Automated Volumetric Skull Segmentation Utilizing Ultra Short Echo Time Magnetic Resonance Imaging for MRgFUS

Transcranial Magnetic Resonance guided Focused Ultrasound (tcMRgFUS) is a noninvasive treatment method which involves deposition of sonic energy using ultrasonic beams in the neurocranium region to achieve thermal effects (e.g. tissue ablation, hyperthermia), mechanical effects(e.g. blood-brain barrier permeabilization,clot dissolution, tissue homogenization), and physiological effects (e.g. neuromodulation). The skull, made out of predominantly cancellous and cortical bones, presents itself as an acoustic barrier to this ultrasonic energy. The skull absorbs ultrasound to an extent, heating up and also causing the sonic beams to scatter from the intended target. It is extremely critical from a treatment standpoint to ensure the focal point decided upon for thermal energy deposition is the only region which is sonicated, since the treatment efficacy and outcome depends on the same. Current skull extraction methods involve a prior computed tomography(CT) of the patient undergoing treatment, which provides a bone map for correcting the Focal Ultrasound transducers' phases to ensure accurate energy deposition. Previous work has shown Ultrashort Echo Time(UTE) Magnetic Resonance(MR) imaging allows us to visualize the skull in a patient, and sonication efficacy was improved for tcMRgFUS procedures with accurate, albeit ad-hoc estimation of the skull. In this work, we propose a completely automated volumetric skull extraction algorithm that operates on UTE MR scans of a patient, and extracts the skull utilizing stochastic image modeling and segmentation techniques such as Gaussian mixture modeling, expectation maximization, Markov random fields and least squares optimization.UTE MR volumes were compared with co-registered CT ground truth for 7 subjects who underwent essential tremor (ET) treatment.
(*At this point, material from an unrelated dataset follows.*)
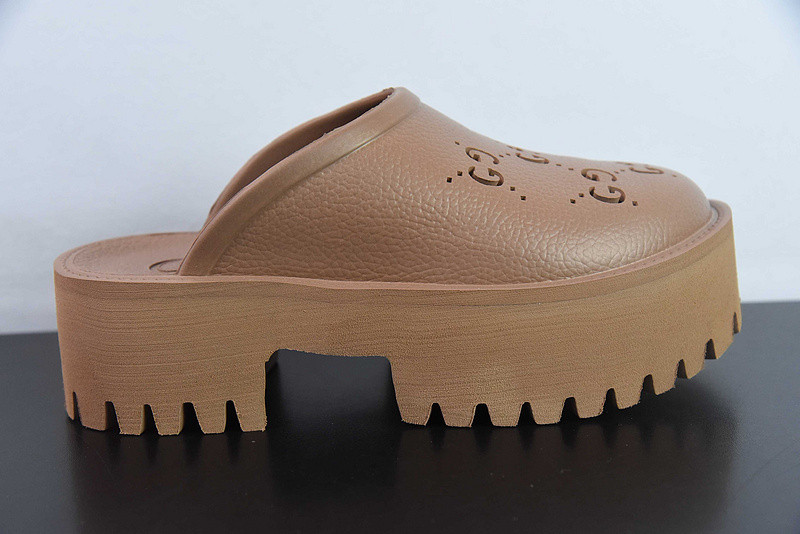 G*u*i sandals high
Dice coefficients varying from 0.721 to 0.817 were obtained.This work has the potential of integration in a clinical workflow for tcMRgFUS treatment, saving costs both in money and time for the patient, while involving zero harmful ionizing X-Ray radiation.

A Thesis submitted for an MS in Biomedical Engineering by Samarth Singh. This research focused on skull segmentation utilizing only ultra short echo time (UTE) MRI image volumes. Retrospective bias field correction, stochastic image processing concepts such as expectation maximization algorithm, Gaussian mixture models and Markov random field models were combined to yield promising skull segmentation results.